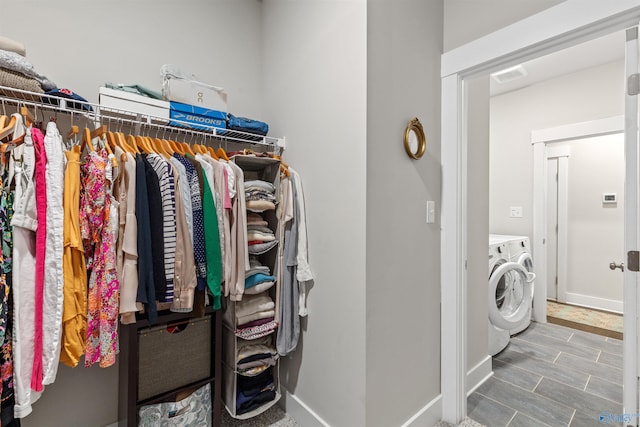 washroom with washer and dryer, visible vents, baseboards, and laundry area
--
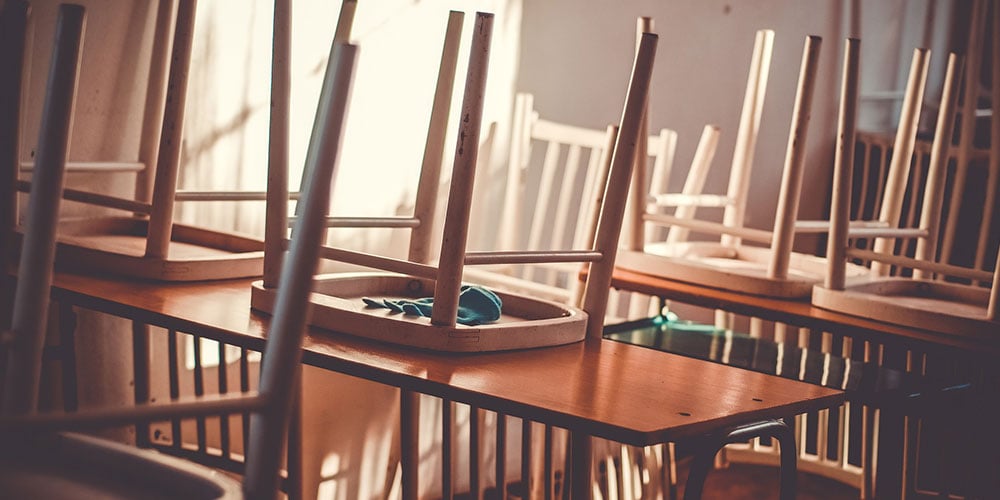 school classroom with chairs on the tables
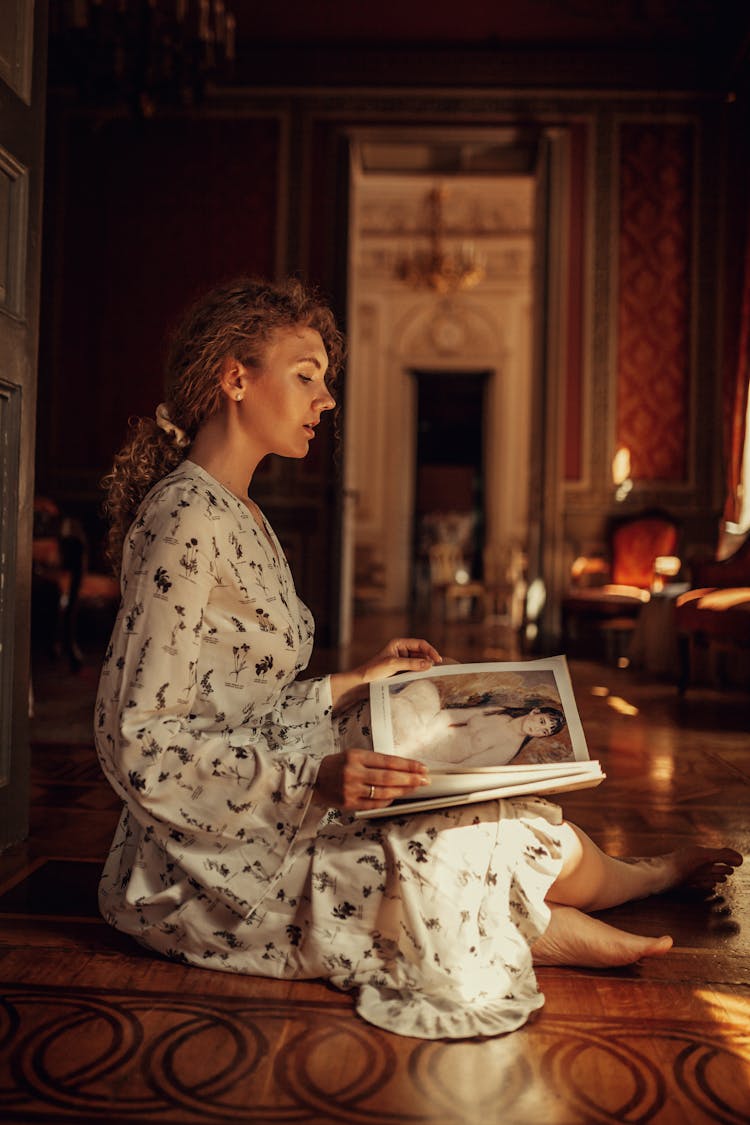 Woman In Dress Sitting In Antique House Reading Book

Exercise details —
Look above for the line holding "school classroom with chairs on the tables" and output everything from it down to the line holding "Woman In Dress", both ends included, exactly and without images.

Result —
 school classroom with chairs on the tables
 Woman In Dress Sitting In Antique House Reading Book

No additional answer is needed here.